Collected data
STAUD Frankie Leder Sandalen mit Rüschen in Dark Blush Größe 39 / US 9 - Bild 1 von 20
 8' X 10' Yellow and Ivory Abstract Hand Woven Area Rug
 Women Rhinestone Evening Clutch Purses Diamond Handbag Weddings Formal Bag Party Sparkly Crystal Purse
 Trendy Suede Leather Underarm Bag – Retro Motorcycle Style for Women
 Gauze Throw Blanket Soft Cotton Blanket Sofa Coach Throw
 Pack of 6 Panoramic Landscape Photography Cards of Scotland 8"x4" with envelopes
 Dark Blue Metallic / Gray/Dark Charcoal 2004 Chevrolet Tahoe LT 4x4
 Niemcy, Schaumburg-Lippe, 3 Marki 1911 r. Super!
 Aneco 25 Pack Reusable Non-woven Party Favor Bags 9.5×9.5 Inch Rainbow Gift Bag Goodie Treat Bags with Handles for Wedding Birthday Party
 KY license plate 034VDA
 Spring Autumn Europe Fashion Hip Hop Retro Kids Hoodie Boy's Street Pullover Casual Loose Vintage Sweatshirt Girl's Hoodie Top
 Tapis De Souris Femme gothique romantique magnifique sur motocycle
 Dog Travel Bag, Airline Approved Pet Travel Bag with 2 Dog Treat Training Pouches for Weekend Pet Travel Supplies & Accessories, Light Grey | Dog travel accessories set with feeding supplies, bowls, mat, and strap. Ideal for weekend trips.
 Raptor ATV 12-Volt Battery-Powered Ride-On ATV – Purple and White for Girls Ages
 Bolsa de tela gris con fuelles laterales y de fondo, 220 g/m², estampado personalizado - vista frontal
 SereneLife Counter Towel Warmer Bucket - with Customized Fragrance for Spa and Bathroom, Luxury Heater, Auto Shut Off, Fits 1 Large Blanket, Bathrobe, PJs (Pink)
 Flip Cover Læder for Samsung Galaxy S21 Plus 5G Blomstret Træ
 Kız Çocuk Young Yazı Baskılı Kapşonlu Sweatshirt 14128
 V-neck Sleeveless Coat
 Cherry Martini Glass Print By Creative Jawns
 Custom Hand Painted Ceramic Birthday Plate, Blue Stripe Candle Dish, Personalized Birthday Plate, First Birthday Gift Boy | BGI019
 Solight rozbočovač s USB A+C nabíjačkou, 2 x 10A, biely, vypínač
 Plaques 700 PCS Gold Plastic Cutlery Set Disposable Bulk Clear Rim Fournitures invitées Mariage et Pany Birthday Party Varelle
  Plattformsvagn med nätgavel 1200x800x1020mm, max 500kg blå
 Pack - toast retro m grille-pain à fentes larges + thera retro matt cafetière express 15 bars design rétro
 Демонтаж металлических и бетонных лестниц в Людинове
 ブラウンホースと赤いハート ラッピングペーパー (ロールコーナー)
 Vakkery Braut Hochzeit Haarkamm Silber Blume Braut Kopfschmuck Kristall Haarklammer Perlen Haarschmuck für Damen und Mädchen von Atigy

## [Assignment]
From the records above, print exactly the lines that run from the line with "Custom Hand Painted" to the line with "Plattformsvagn med nätgavel", inclusive.

## [Solution for this exercise]
 Custom Hand Painted Ceramic Birthday Plate, Blue Stripe Candle Dish, Personalized Birthday Plate, First Birthday Gift Boy | BGI019
 Solight rozbočovač s USB A+C nabíjačkou, 2 x 10A, biely, vypínač
 Plaques 700 PCS Gold Plastic Cutlery Set Disposable Bulk Clear Rim Fournitures invitées Mariage et Pany Birthday Party Varelle
  Plattformsvagn med nätgavel 1200x800x1020mm, max 500kg blå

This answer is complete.